Die Armen. Sie zu lieben bedeutet, alle Formen der Armut, geistliche und materielle, zu bekämpfen. Widmet den Geringsten Zeit, ohne Angst, euch die Hände schmutzig zu machen. Geht als Apostel der Nächstenliebe in die menschlichen und existentiellen Randgebiete eurer Diözesen.

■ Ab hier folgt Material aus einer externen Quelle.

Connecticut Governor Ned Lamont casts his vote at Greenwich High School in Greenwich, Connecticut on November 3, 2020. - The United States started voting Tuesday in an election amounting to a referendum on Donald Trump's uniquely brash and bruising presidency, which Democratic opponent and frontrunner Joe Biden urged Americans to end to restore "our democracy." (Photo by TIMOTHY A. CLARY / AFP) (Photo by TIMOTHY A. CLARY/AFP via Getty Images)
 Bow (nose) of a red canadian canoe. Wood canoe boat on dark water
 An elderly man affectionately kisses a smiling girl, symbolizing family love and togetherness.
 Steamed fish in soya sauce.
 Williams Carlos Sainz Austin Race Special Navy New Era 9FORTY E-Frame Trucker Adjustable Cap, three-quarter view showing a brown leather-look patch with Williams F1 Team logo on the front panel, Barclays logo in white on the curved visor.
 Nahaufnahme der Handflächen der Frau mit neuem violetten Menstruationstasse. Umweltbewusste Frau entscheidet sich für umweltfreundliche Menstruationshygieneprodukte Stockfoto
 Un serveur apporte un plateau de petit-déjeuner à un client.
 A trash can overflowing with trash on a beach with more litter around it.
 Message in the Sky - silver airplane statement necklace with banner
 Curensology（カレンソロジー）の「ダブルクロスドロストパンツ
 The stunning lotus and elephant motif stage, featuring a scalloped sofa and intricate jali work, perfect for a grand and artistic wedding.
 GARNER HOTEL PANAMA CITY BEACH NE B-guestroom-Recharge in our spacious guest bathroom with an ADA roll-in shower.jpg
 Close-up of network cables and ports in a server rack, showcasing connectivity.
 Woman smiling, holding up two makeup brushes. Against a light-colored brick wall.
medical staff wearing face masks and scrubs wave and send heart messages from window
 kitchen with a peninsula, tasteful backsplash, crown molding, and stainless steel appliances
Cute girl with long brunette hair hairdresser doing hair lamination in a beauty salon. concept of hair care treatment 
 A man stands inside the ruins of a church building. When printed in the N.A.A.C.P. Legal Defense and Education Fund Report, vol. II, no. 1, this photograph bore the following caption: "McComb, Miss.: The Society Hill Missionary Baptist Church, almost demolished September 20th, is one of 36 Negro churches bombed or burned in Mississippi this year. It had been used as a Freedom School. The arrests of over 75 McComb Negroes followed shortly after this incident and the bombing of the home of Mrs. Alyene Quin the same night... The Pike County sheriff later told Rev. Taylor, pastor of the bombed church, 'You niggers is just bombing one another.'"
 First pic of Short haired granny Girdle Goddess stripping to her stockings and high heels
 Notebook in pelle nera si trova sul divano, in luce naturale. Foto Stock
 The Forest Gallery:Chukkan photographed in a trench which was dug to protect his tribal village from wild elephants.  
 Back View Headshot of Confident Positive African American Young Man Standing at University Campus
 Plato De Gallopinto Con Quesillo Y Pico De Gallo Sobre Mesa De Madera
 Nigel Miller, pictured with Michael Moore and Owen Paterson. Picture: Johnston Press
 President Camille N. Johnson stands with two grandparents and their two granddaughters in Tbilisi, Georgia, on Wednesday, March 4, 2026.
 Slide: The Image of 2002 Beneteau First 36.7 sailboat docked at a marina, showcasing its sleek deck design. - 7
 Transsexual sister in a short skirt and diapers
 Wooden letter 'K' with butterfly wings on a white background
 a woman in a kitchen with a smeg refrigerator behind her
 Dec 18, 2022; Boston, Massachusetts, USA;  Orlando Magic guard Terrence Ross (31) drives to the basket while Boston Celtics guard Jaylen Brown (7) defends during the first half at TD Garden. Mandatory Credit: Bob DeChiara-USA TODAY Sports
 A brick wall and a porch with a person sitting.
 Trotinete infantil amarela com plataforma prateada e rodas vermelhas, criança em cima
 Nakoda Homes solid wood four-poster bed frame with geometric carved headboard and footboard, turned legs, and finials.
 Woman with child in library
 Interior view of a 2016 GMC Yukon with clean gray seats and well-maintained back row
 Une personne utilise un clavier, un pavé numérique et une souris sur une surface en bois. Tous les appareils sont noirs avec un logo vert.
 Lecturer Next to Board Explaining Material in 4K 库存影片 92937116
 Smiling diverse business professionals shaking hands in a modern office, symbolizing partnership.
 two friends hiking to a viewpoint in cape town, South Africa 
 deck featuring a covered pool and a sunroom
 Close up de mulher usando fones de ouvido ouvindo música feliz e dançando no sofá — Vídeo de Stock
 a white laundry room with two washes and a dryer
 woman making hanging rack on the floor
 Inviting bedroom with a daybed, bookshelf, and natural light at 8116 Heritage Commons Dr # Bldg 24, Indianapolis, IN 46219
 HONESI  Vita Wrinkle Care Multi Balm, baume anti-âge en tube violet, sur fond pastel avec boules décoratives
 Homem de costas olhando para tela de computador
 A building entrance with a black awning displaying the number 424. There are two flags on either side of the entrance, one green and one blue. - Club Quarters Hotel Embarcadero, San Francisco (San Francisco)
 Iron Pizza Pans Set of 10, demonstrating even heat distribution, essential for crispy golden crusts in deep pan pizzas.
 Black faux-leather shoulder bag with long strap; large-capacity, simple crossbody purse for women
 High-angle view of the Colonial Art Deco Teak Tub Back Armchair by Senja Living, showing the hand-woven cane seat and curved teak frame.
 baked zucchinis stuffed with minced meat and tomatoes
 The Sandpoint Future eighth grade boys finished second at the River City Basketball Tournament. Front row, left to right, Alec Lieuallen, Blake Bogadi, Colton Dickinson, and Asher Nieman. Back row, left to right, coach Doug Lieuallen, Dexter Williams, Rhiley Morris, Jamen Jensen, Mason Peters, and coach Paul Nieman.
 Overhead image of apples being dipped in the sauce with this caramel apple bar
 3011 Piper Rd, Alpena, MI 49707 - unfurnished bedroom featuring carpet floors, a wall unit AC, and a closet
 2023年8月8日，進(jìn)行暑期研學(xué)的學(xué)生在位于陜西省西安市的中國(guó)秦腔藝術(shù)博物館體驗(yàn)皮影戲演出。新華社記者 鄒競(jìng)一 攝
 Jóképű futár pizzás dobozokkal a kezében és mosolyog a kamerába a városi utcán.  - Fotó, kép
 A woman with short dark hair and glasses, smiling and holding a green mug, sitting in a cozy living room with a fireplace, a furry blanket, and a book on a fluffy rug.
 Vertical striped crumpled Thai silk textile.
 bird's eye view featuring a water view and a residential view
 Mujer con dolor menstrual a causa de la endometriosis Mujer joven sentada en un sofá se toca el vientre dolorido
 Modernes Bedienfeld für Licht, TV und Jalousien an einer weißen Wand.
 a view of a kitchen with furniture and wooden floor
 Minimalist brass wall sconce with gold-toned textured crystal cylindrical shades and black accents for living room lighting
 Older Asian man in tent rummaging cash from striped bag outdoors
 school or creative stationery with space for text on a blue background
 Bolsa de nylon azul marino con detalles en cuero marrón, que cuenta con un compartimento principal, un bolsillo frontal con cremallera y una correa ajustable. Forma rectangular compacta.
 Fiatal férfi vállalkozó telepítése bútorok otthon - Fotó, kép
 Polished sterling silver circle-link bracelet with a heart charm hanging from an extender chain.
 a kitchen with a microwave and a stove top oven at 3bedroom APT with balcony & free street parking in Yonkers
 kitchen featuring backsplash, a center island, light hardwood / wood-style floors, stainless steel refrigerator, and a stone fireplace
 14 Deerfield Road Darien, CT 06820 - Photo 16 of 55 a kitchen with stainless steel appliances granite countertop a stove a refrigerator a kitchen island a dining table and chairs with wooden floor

Abschließend, liebe Brüder, bitte ich euch: Misstraut der Lauheit, die zu Mittelmäßigkeit und Trägheit führt, jenem »Mittagsdämon«. Misstraut ihm. Misstraut der Ruhe, die das Opfer scheut; der pastoralen Eile, die zur Unduldsamkeit führt; der Überfülle an Gütern, die das Evangelium entstellt. Vergesst nicht, dass der Teufel durch die Taschen hereinkommt! Ich wünsche euch hingegen die heilige Unruhe für das Evangelium, die einzige Unruhe, die Frieden schenkt. Ich danke euch für das Zuhören und segne euch, in der Freude, euch als die liebsten unter den Brüdern zu haben. Und ich bitte euch: Bitte vergesst nicht, für mich zu beten und für mich beten zu lassen. Danke.